Task to complete:
A picture-free, exact reproduction of the listing that follows is required.

Given data:
┌──

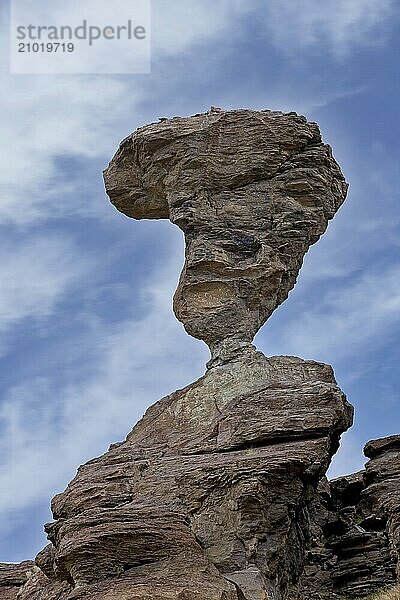 A clear photo of the famous balanced rock set against a partly cloudy sky near Buhl  Idaho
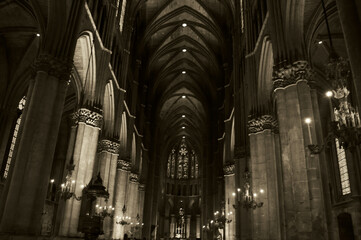 Wall Mural - Beautiful interior of Reims Notre Dame Cathedral. Evening colorful illumination, stained glass windows, statues, nave. Reims, France. Sepia photo.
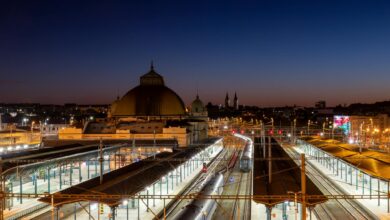 Modern train station platform at night with high-speed train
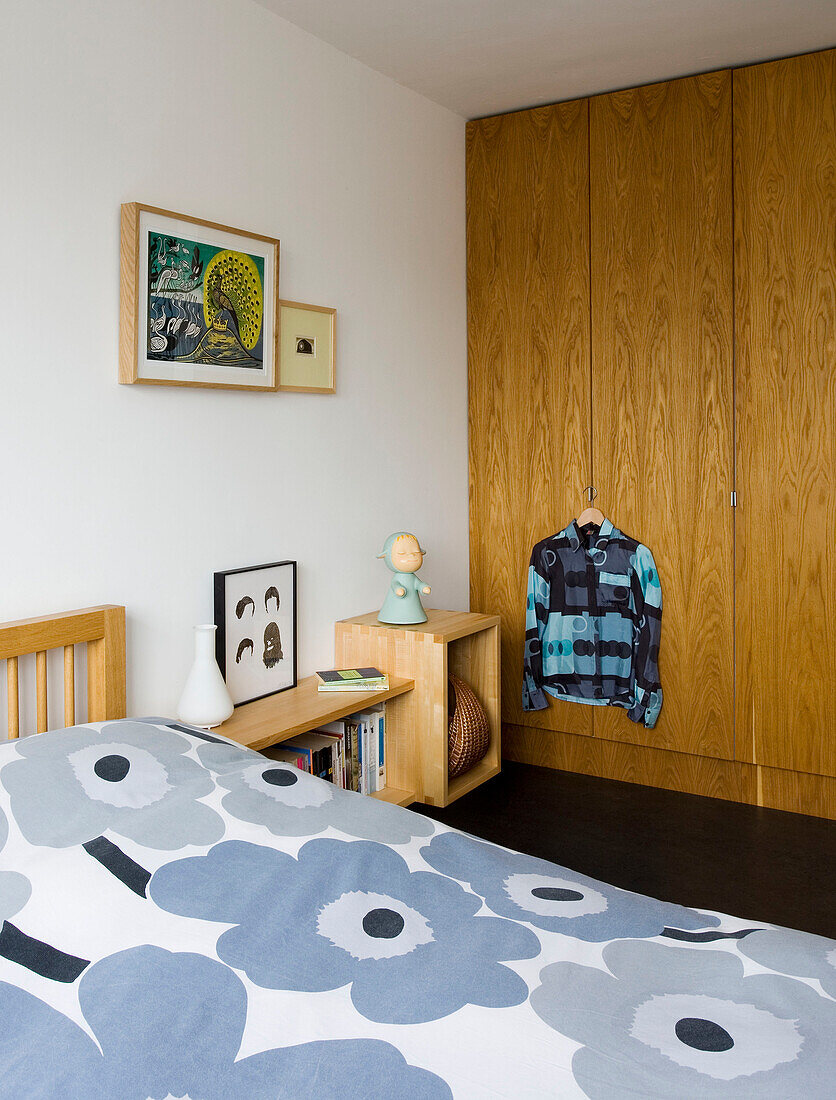 Bettdecke mit Blumenmuster und Kleiderschrank aus Holz in einem Haus in London, UK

└──

Output of the task:
 A clear photo of the famous balanced rock set against a partly cloudy sky near Buhl  Idaho
 Wall Mural - Beautiful interior of Reims Notre Dame Cathedral. Evening colorful illumination, stained glass windows, statues, nave. Reims, France. Sepia photo.
 Modern train station platform at night with high-speed train
 Bettdecke mit Blumenmuster und Kleiderschrank aus Holz in einem Haus in London, UK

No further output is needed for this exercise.